[Stored entries]
>>>>

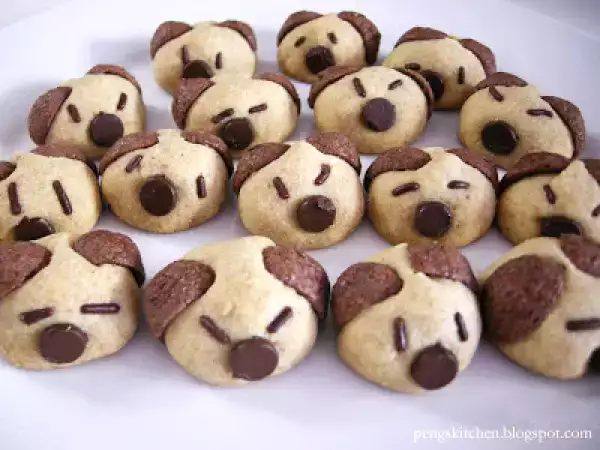 Recipe Horlick doggie cookie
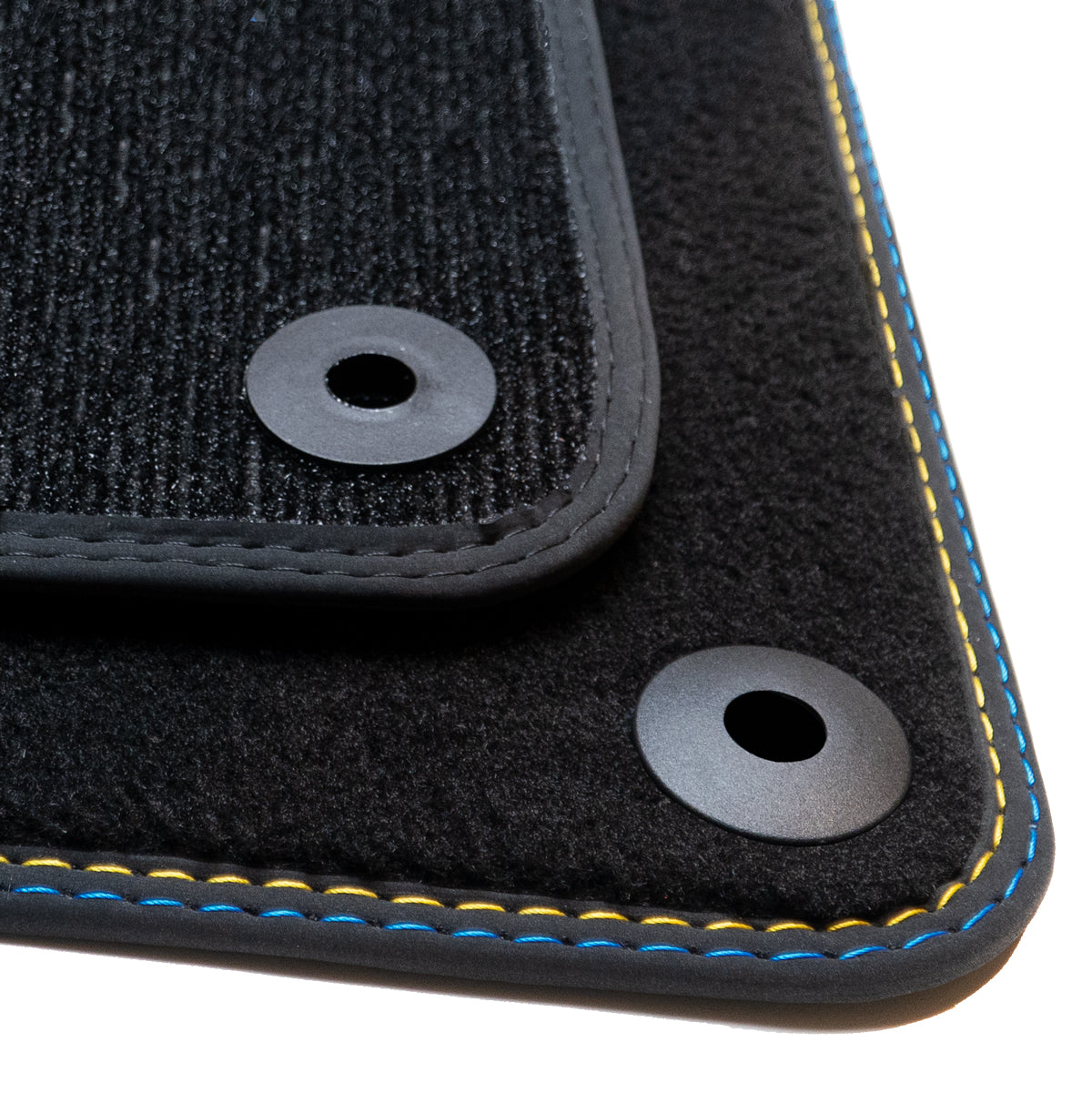 Volvo V40 Floor Mats - 2012-2021 - Sport Stitching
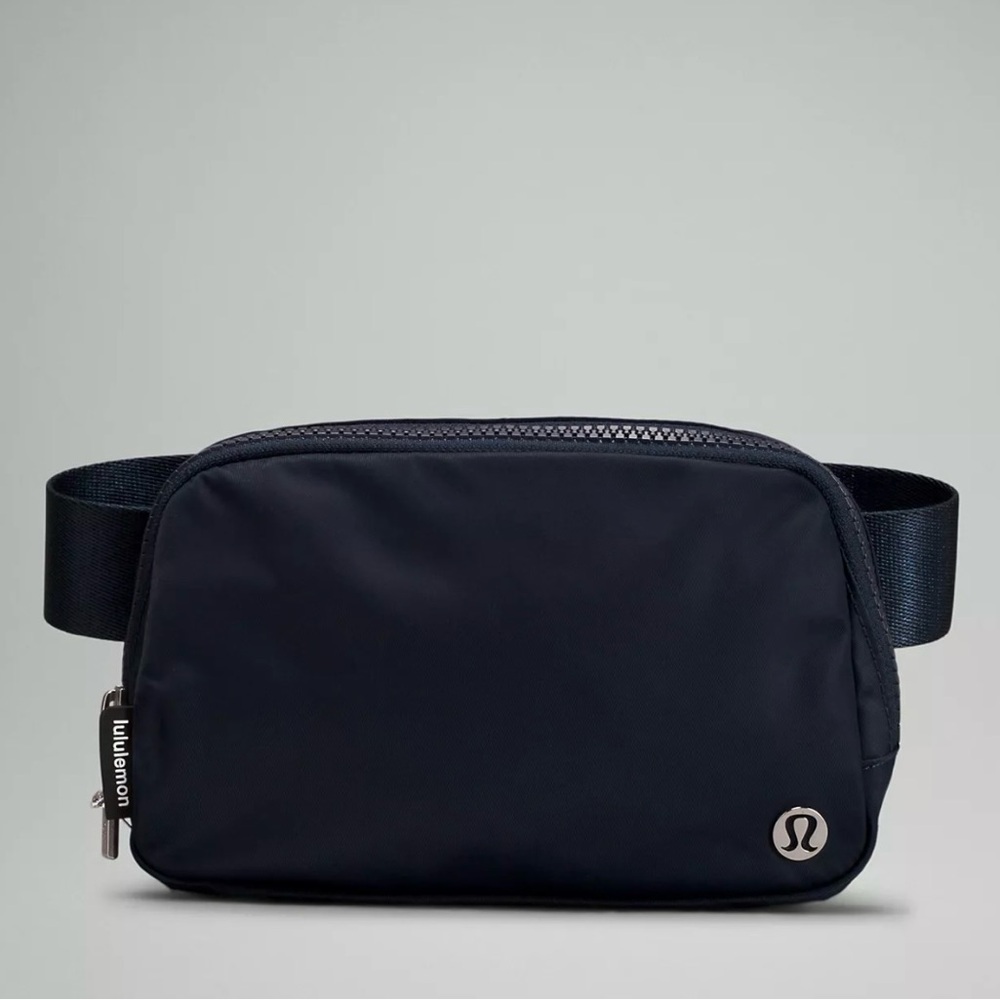Lululemon Athletica Blue Belt Bag Modern Minimalist Design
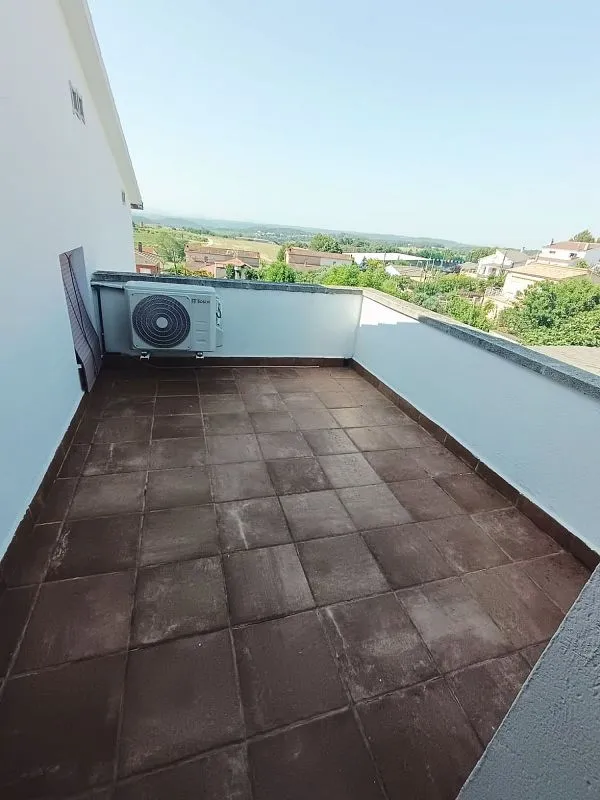 Terrasse - Chalet with Pool and Terrace in Piera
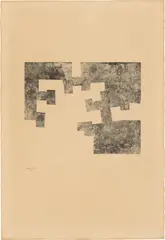 USTE by Eduardo Chillida, 1976, Radierung auf Arches-Velin, sold Jun 2024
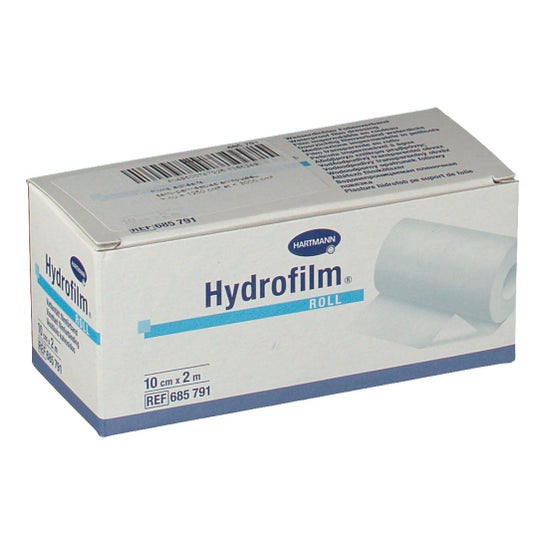 Rollo de apósito transparente Hydrofilm 10 cmx2m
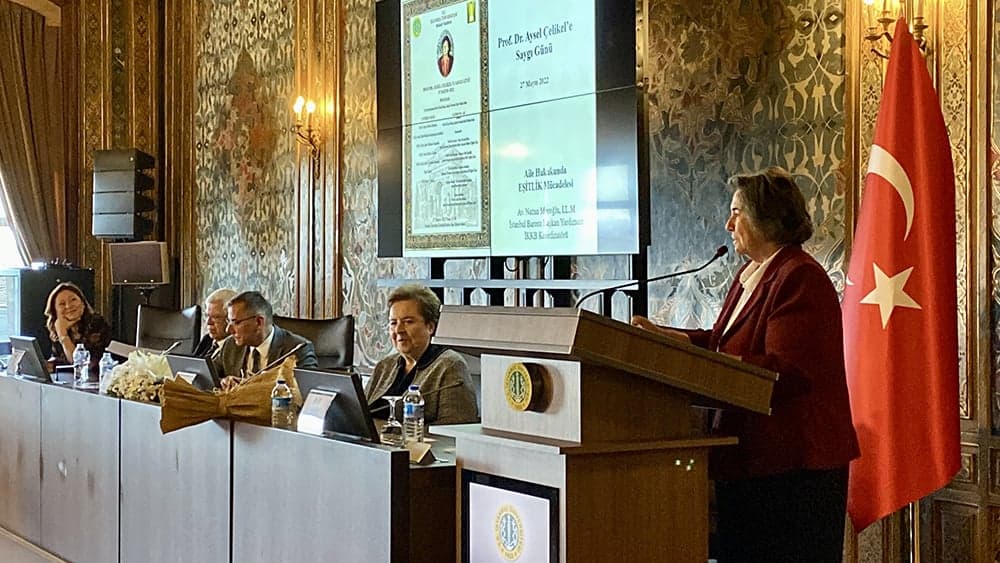 Prof. Dr. Aysel ÇELİKEL’e Saygı Günü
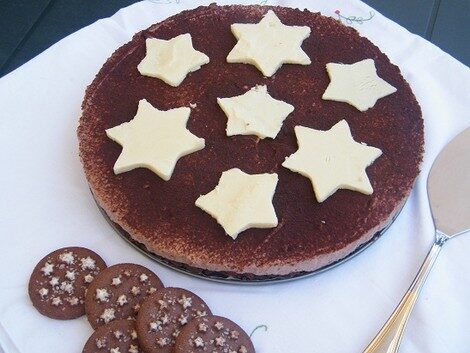 Cheesecake pan di stelle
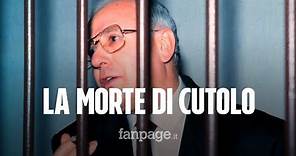 Morto il boss Raffaele Cutolo: "Pesava 40 chili, ultima istanza per scarcerazione martedì"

<<<<

EXERCISE REQUIREMENTS: Without including any pictures, repeat the records above exactly.

WRITTEN RESPONSE:
 Recipe Horlick doggie cookie
 Volvo V40 Floor Mats - 2012-2021 - Sport Stitching
Lululemon Athletica Blue Belt Bag Modern Minimalist Design
 Terrasse - Chalet with Pool and Terrace in Piera
 USTE by Eduardo Chillida, 1976, Radierung auf Arches-Velin, sold Jun 2024
 Rollo de apósito transparente Hydrofilm 10 cmx2m
 Prof. Dr. Aysel ÇELİKEL’e Saygı Günü
 Cheesecake pan di stelle
 Morto il boss Raffaele Cutolo: "Pesava 40 chili, ultima istanza per scarcerazione martedì"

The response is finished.